ATHENS, Ga. - Dub it the SEC-ACC Kickoff Classic.
Call it the Peach Belt Border War.
Declare it the SAT score tiebreaker between the 49th and 50th ranked states.
Whatever motivation suits your fancy, just play it.
Clemson vs. Georgia is exactly the way college football season should begin. Saturday night's primetime season opener at sold-out Sanford Stadium - a 31-28 Bulldog victory - was as good as it gets.
Don't let another generation of players fail to understand the meaning of a Georgia-Clemson rivalry. Don't make the fans wait until the NCAA augments the schedule again to renew old flames.
Clemson and Georgia should play each other every year. Not just that, they should play each other on opening day every year.
The last time these tightknit neighbors met in a season opener in 1982, they were the two most recent NCAA champions. Georgia won and was so inspired it went on to win its very last SEC title. Clemson was so angered by its only loss that it just had to win the ACC title to feel better about itself.
That game had meaning. Saturday night's game had meaning - certainly more meaning than last year's openers for the two schools against Arkansas State and Central Florida.
The only people who want to open seasons against So-and-so States and Mid-major Directional Universities are coaches.
We'd rather see real games against real teams with real consequences. All Georgia fans got out of last year's Arkansas State kickoff was the realization that the Bulldogs could beat a bad team in a glorified preseason game.
Leave the preseason to the NFL. This is the South. Let's play real ball.
Even Georgia coach Mark Richt admits facing Clemson is frightfully more entertaining than hosting a patsy.

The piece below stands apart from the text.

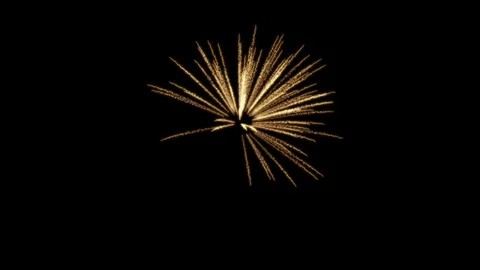 Fireworks Palm Stock Footage 98494162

"There's a big difference this year and last year in just the opponent," Richt said this week. "When you looked at tape of Arkansas State last year and looked at us, you felt like we had a pretty good shot of winning if we don't blow it. This year we're playing a team that has played in an awful lot of big games and recruits the same players you recruit."
Athletic directors will give you all sorts of viable reasons for why powerhouse schools such as Georgia and Clemson can't afford to add each other to an already crowded schedule.

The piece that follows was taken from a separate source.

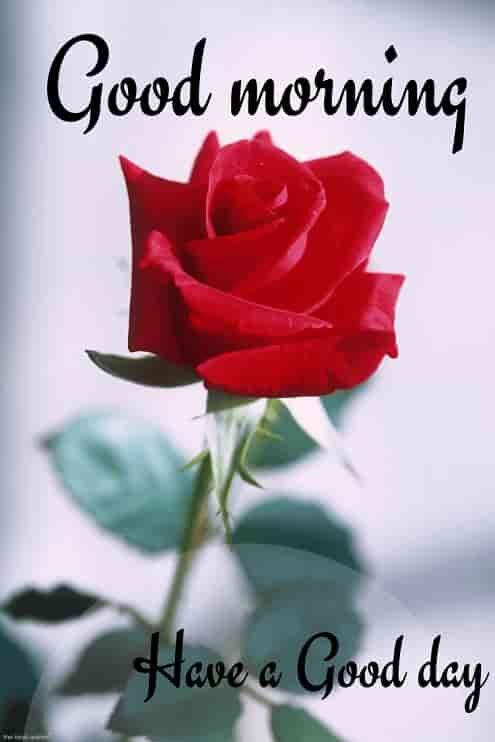 good-morning-wallpaper-with-red-rose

Big schools must have six home games to satisfy the finances and the fans. Georgia plays Florida in Jacksonville, Fla., every year, meaning only three conference games are at Sanford Stadium.
Solution: move Georgia-Florida to the home-and-home rotation. Sure it might cost a little revenue generated by the so-called World's Largest Outdoor Cocktail Party, but the return of competitive balance in the series would be worth the cost. And Florida can add Miami to its permanent opponent roster and everybody leaves happy.
"I understand the six home games and the financial considerations," said former Georgia quarterback Buck Belue. "But when you start playing football in 1897, you should just play football. Some things should not be about the money."